Matt Perryman

Scared to be an individual person

By Matt Perryman

“Ego is the enemy” they tell you.

I’m suspicious. Any time a sophisticated idea gets popular, the good bet is it’s turned stupid.

Eastern ideas, mainly borrowed from Buddhism and Taoism, made their way into the US by way of California hippies, which makes Westernized interpretations even more suspect.

What does it mean that your “ego is the enemy”?

Your ego is your conscious personality, the part of you that thinks in words and experiences feelings and wants to be accepted by other people.

According to “Eastern ideas”, a soul achieves enlightenment by stepping away from this ego and achieving a state of “no-self”.

I spent some time practicing these methods around a decade ago.

Pros: It can feel great to get into a state of blissed-out deep trance.

Cons: Good luck feeding yourself as a blissed-out zombie.

Those of us mortals inhabiting living bodies, with a foot in this material aspect of reality, need to breath, drink, eat, and get on with the business of living.

What I discovered is that much of this “let go of yourself and just, like, be, bro” is white-wash from the California cult.

The actual writers and teachers of Buddhist thought were nowhere near this dumb.

They recognize, first of all, that a desire to be without desires is logically incoherent.

If you want to be without a self — then who or what is wanting?

There are good answers to that question which, sadly, will not be found in most books on the topic (and definitely not in those stupid quote-spam “inspo” accounts on social media)

Western traditions of philosophy and mysticism have their own understanding of the mind, now little known with all the Oriental fetishism.

What if the problem is not the ego…

…but a lazy, flaccid, undeveloped ego?

Not too much mind, but too little.

This is hard to see. We’ve all grown up in a mechanical civilization that prizes numbers and “the market” above anything else.

Ask yourself how much of your life was freely chosen, versus chosen because it will get you something in exchange. Money, status, recognition, love, s\*x, power, anything.

Necessity is necessity and everybody’s gotta eat. But few people today can draw a line between the essential must-dos of survival and a real identity.

Most folks, I dare say, are inclined to be what others want them to be.
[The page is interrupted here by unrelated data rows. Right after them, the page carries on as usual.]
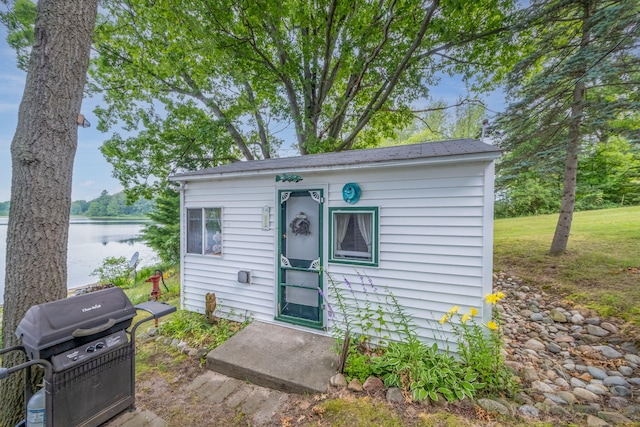 3110 13 Mile Rd, Remus, MI 49340 - view of front of home with an outbuilding and a water view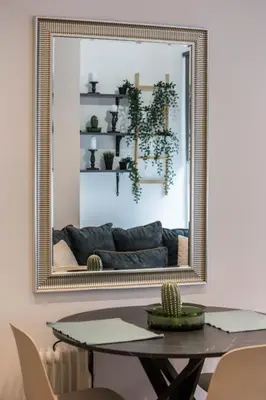 a mirror in a dining room with a table and a couch at QUARTIER LOUISE STUDIOS in Brussels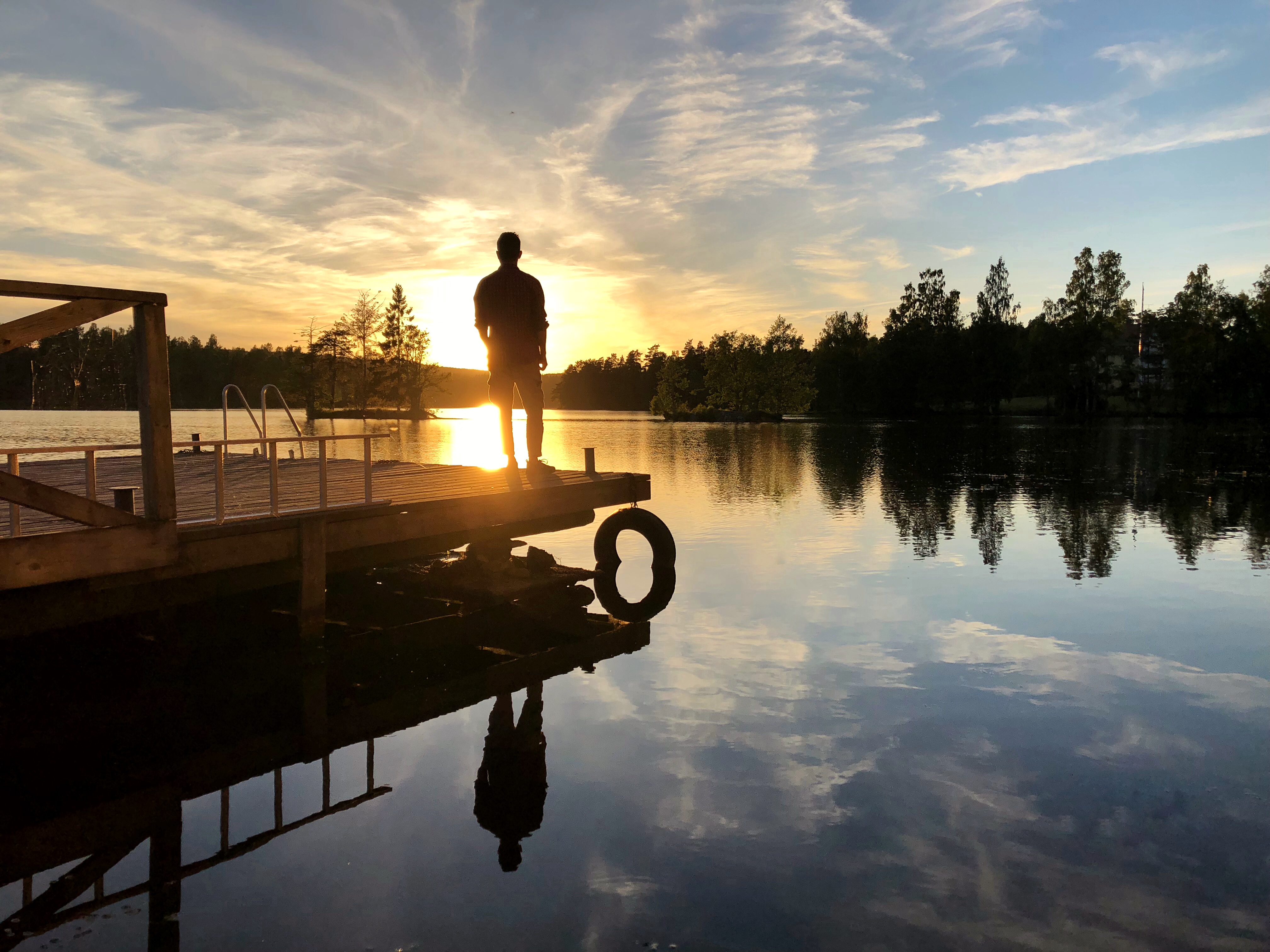 Alex Vizeo, french youtubeer looking over a lake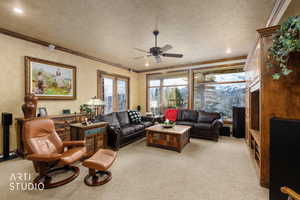 Living area with ornamental molding, light colored carpet, a ceiling fan, and recessed lighting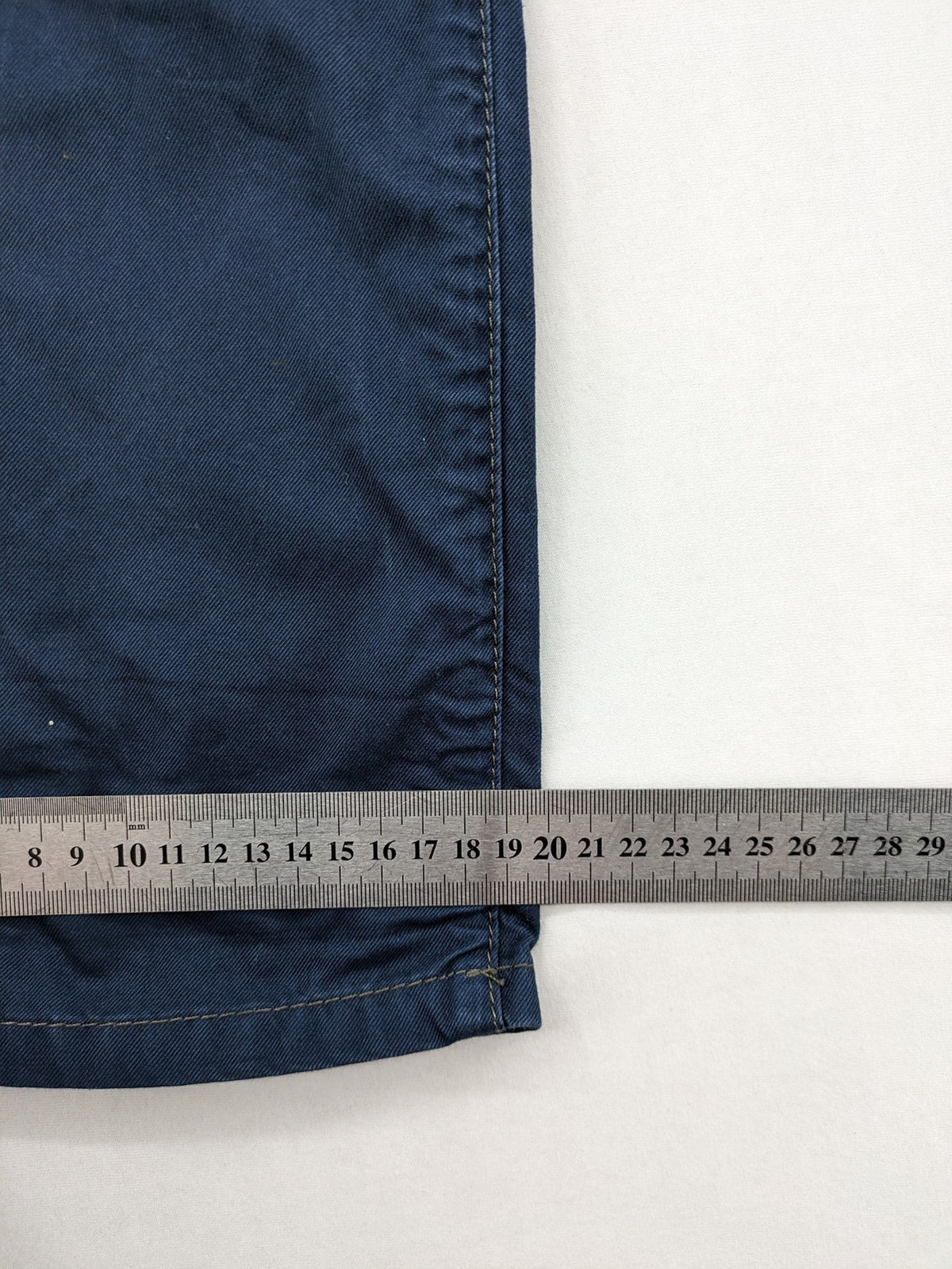Marc O'Polo blue chino pants with button flap pockets and relaxed fit design.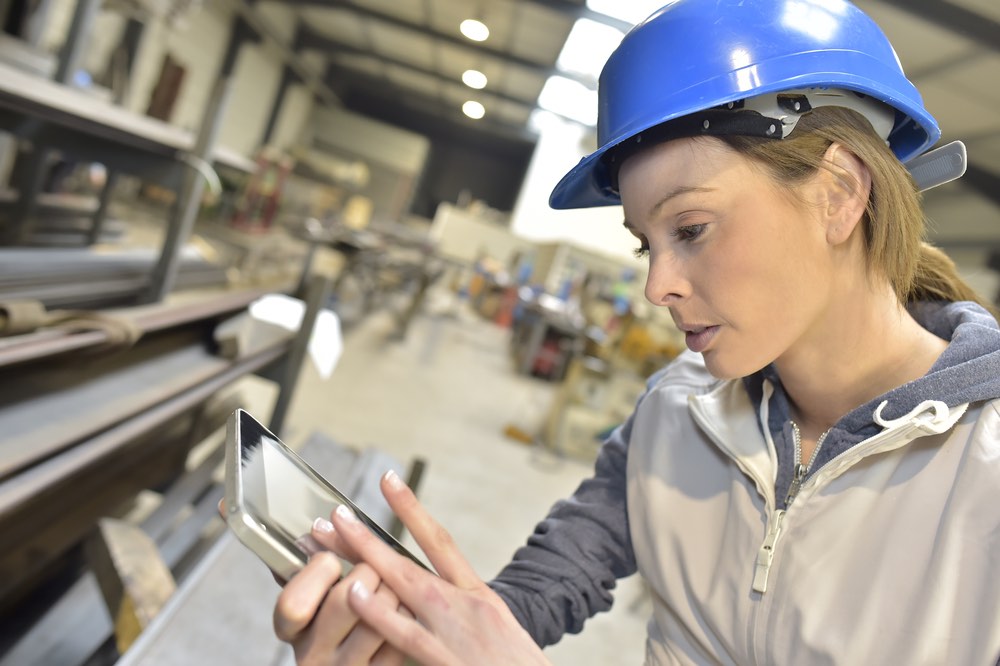 Woman engineer in steel plant checking production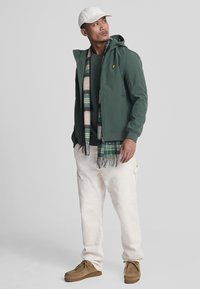 Groene ritsjas, zwarte trui, crèmekleurige broek en bruine schoenen. Geaccentueerd met een gestreepte sjaal en een witte pet, met een logo op de jas.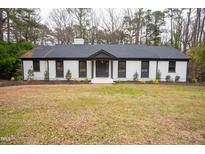 Charming brick home with black trim, a manicured front lawn, and mature trees at 72 Beverly Dr, Durham, NC 27707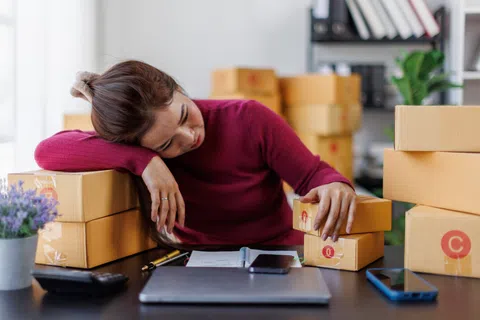 Tired woman resting head on arm amid stacked cardboard boxes and open notebook while working at desk.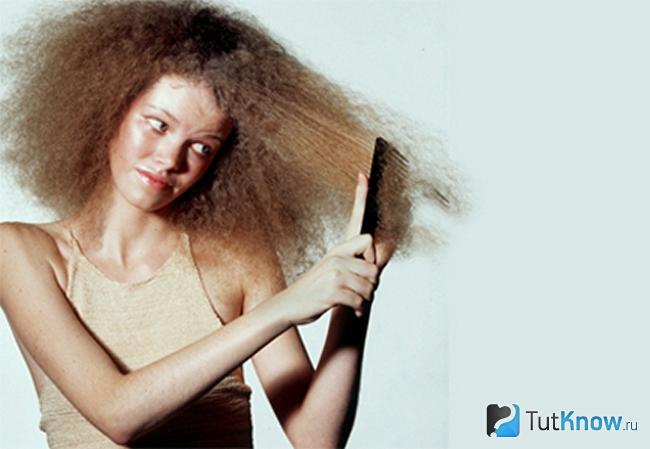 Девушка пытается расчесать свои пушащиеся волосы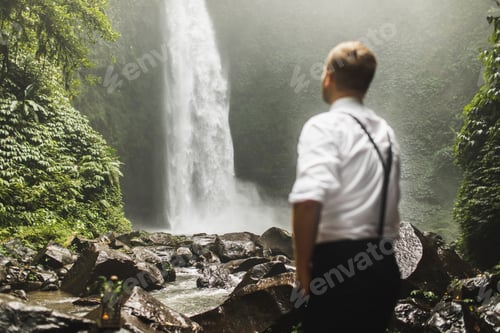 Preview: Traveller man looking on huge waterfall Nung-Nung in Bali Jungle. Asia travel concept. Amazing view.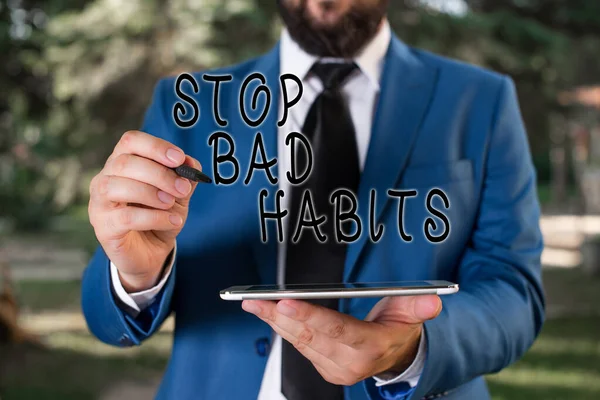 Writing note showing Stop Bad Habits. Business photo showcasing asking someone to quit doing non good actions and altitude Businessman in blue suite stands with mobile phone in hands.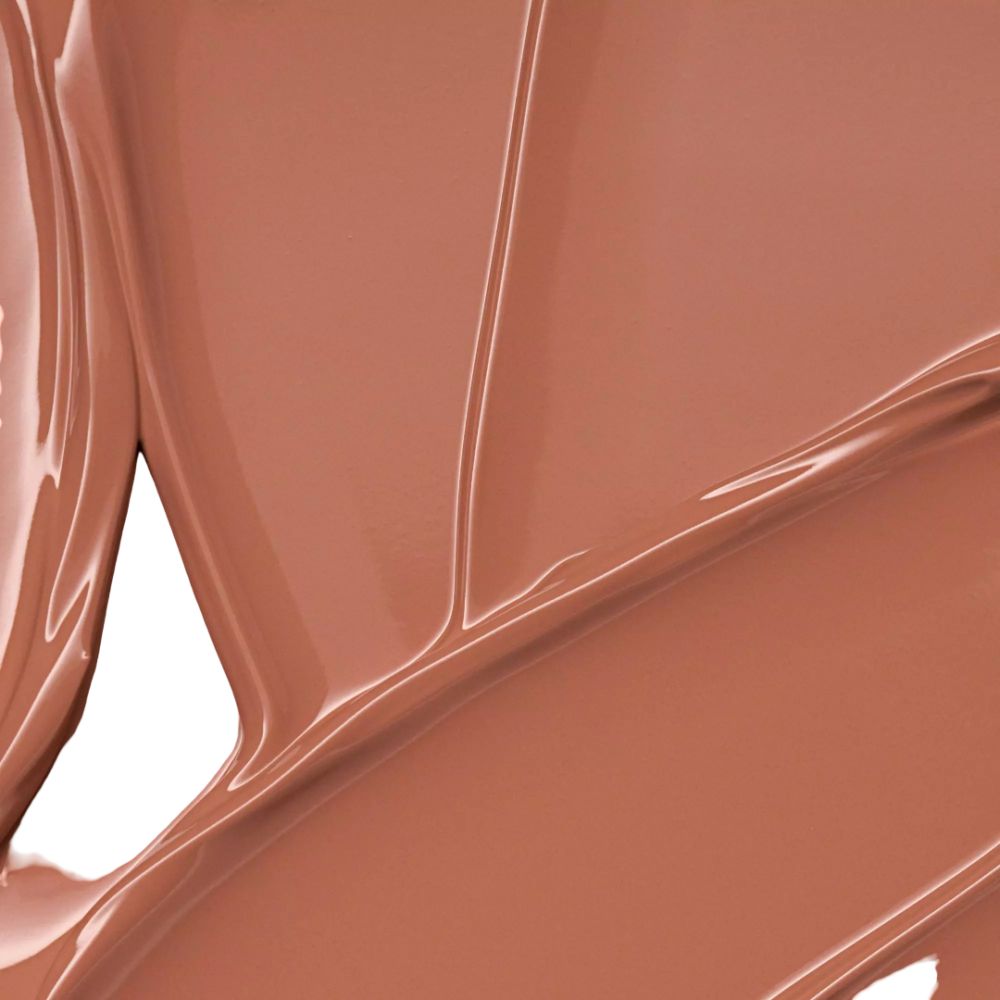 Gros plan d'une couleur de rouge à lèvres brillante et marron. La couleur est lisse et réfléchit la lumière.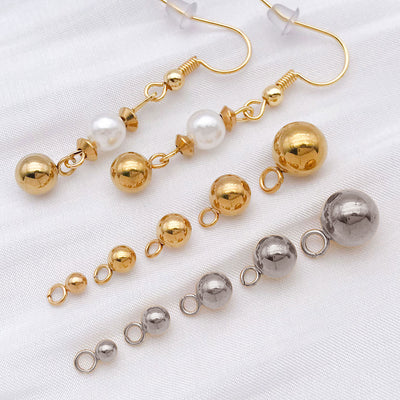 Metallic round bead charms arranged on a light background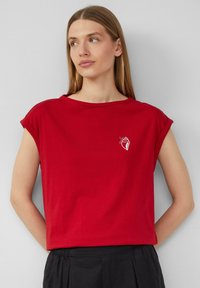 Rode katoen t-shirt met omgeslagen mouwen, voorzien van een kleine witte schelpgrafiek op het linker borstgebied. Eenvoudige ronde halslijn, ontspannen pasvorm.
Psychiatrist Erich Fromm once wrote that such people don’t even have egos or personalities:


For they constantly change their egos, according to the principle: “I am as you desire me.”


Without a stable identity, you’ll pick one off the shelf like an outfit — or have it chosen for you by invisible forces acting on your mind.

This is another kind of “no-self”.

There is no personality, only change to fit what others demand of you.

What’s the solution?

Not less ego, but more. Stronger. Disciplined. Focused. Confident. Indifferent to the demands of others.

Fear of being yourself comes down to an untrained ego. Like a muscle, if you don’t use it, train it, put it under constant challenge, it’s weak and useless.